Don is, as always, utterly smooth as he quips that they were working on a brassiere account and only just realized they can't sell them to men, and Cooper softly laments about how much yarn they could have moved. In this brief exchange we see that the culture of the firm is established from the top down, and that while Sterling and Cooper both are careful to avoid socializing with the mid-level execs (who in turn are intimidated by them), there is very much a boys club mindset here. Don stands high enough to enjoy a level of familiarity with both his bosses and his underlings, to attend dinner with Sterling and to crack jokes with Cooper who happily cracks them right back.

But he IS Don's boss, and that soon becomes apparent. Because Sterling is waiting outside sitting against Peggy's desk, and this is a full court press, they're here to make it clear to Don that they're no longer asking him to work an advertising campaign for Richard Nixon, they're telling him. Don doesn't outright refuse but he also doesn't agree, instead simply noting that not only does Nixon not want them he doesn't need them. He lauds Nixon's Checkers speech as a classic example of distraction from financial impropriety, what can they offer in return? The answer convinces him beyond any shadow of a doubt that this is going to happen.

Because just like their strongly held opinions about a woman's place crumbled in the face of Rachel Menken's millions, their disinterest in politics is swept away by the financial interests of their biggest advertising accounts. Proctor and Gamble, the United Fruit company etc, they all benefited greatly from a Republican Administration, and they want to make sure those good years continue. If the good years continue for them, the good years will continue for Sterling Cooper too, so Don Draper is going to run an advertising campaign for Richard Nixon regardless of Nixon's owns thoughts on the matter.

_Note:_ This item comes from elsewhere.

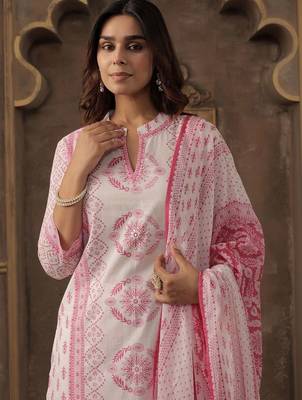 Women Printed Regular Beads and Stones Pure Cotton Kurta with Trousers & With Dupatta 1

Behind Cooper but unnoticed by him, a fireball can be seen going up from Don's office, where the giggling executives are having more fun with the deodorant spray. Don notices it, of course, and he also can't help but notice as Cooper walks away that he isn't wearing shoes, his socks flopping along on the carpet as he wanders off to his own office. It's okay though, he's rich, so this just makes him eccentric.

Sterling tells Don to assemble a team and start working up files on potential rivals for Nixon like Symington or Kennedy (obviously the second choice!), so Don declines joining Paul and the others for lunch as originally planned. That is Peggy's cue though, it's lunch time, and she pulls out a paper bag which catches Paul's attention. He notes there is a pie cart that comes around he sometimes buys lunch from, but she politely declines the unspoken offer, simply saying she'll keep that in mind. Disappointed but unfazed, he says his goodbyes, and Joan pops over to compliment her on rejecting him. Peggy insists it was nothing so cruel, she just can't afford anything but her own lunch until after the first of the month. But when Joan sees the blackened banana and stale sandwich in plastic wrap she means to eat, she can't stand it, and offers to buy her lunch instead.

They pass into the tea room, where a large number of the staff have gathered because... well, it's lunch time! In 1960, Peggy eating at her desk was considered unusual, because everybody takes lunch at the same time and the office effectively grinds to a halt and empties out for people to have an actual, honest-to-God break from their work. Secretaries mix with copywriters mix with account executives, the latter of whom are laughing uproariously over a postcard Pete has sent from his honeymoon in Niagara Falls with the double entendre "the wettest place on earth" scrawled on it.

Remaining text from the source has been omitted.